Второй вариант нам более знаком. Репка так укореняется в земле, что ее невозможно вытащить. Старик просит бабку помочь (иногда она от усердия помирает – и сказка превращается в описание самоубийства лисы), но даже совместных сил стариков недостаточно. Они зовут других персонажей. Не всегда реалистичных. Внучка, сучка (в литературной обработке она стала «Жучкой»), мышка – это слишком просто и не очень сказочно. Фантазия требовала побольше и постраньше.
В архангельской сказке к старику и старухе на помощь приходят ноги. Сначала одна нога, которая цепляется (неизвестно, чем и как) за сучку, та за внучку, та за бабку, она за дедку, он тянет репку. Все равно не выходит. Приходит другая обособленная нога: и так до пятой, благодаря которой они и вытянули репку.
Однако такой вариант тоже устраивал далеко не всех крестьян. Все же он недостаточно сюрреалистичный. И вот на свет появлялись лавкрафтовские сюжеты и персонажи.
В одной из таких версий репка росла не год, а долгих три. Старик наконец решается ее вытащить, но громадный корнеплод невозможно вытащить из земли. Старик зовет старуху. Оба тащат – без успеха.

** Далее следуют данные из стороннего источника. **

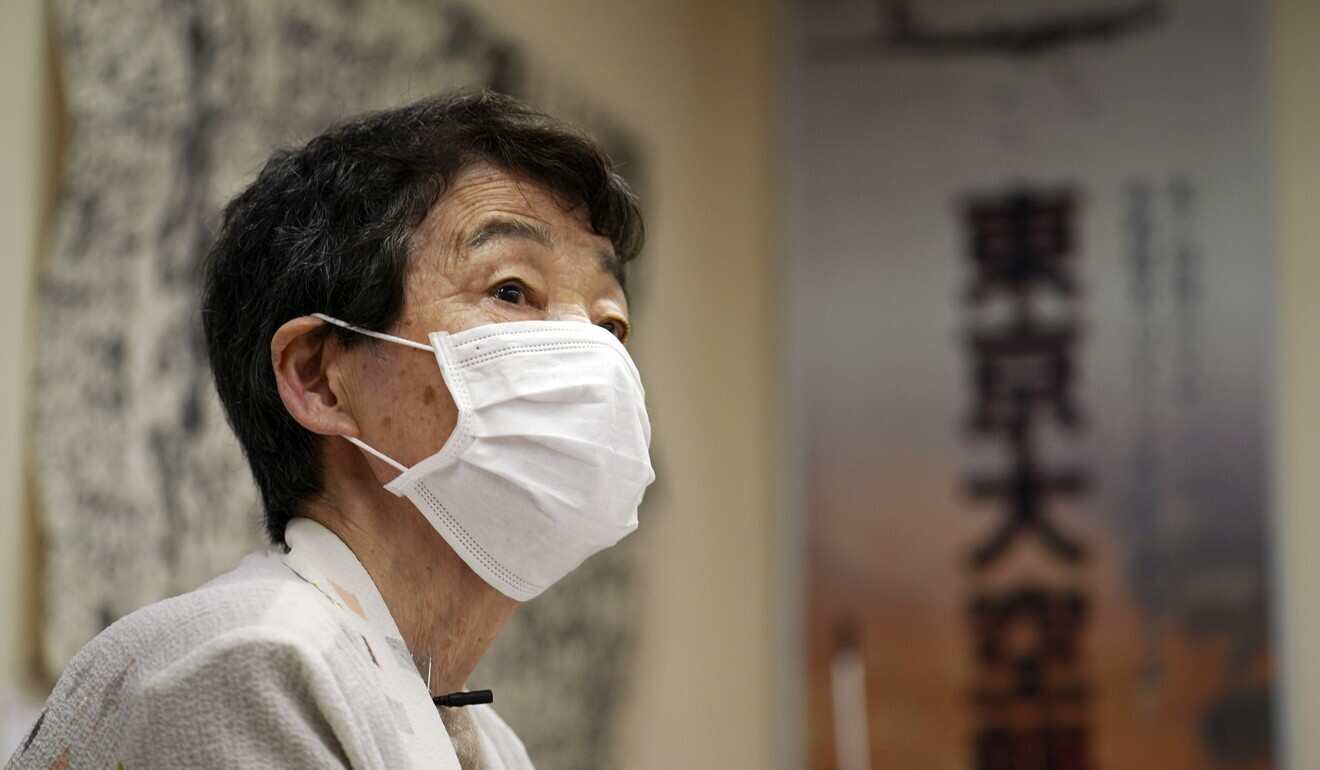 Mitsuyo Hoshino, 86, who lost her parents and siblings to the Great Tokyo Air Raid on March 10, 1945, speaks on her experience during an interview with the Associated Press at the Centre for the Tokyo Raids and War Damage. Photo: AP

Звать им некого, потому что сказочник оставил старика и старуху без кошки, сучки и внучки. Глядит обеспокоенный старик: а мимо огорода шагает одноног. Позвал его на подмогу. Схватился одноног за бабку, она за деда, он за репку. Нет. Не получается.
Смотрит старик: мимо шагает двуног. И его попросил. Результат тот же.
Затем идет трехног. Потом четырехног. Увы, репку вытащить невозможно. Старик со старухой словно попали в Аид и терпят вечное наказание за какие-то прегрешения и пробуют вытащить проклятую репку. Русский вариант мифа о Сизифе.
За пятиногом шестиног. За шестиногом семиног.
Ухватился тридцатиног за двадцатидевятинога. Двадцатидевятиног за двадцативосьминога. Двадцативосьминог…
Список получается длиннее перечня гомеровских кораблей.
Крепко держится репка. Нельзя ее вытащить. И будет сидеть в земле всегда.
Наконец рассказчик устает, ребенок, которому он рассказывает длиннейший список многоногов, засыпает и останавливается безумная очередь. Но лишь за тем, чтобы при случае начаться сначала. А репка так и останется в земле.
(про помощь пяти отдельных ног: № 89 Афанасьева, про многоногов: Русские крестьяне. Т. 5. Ч. 3. СПб. 2007. С. 33.)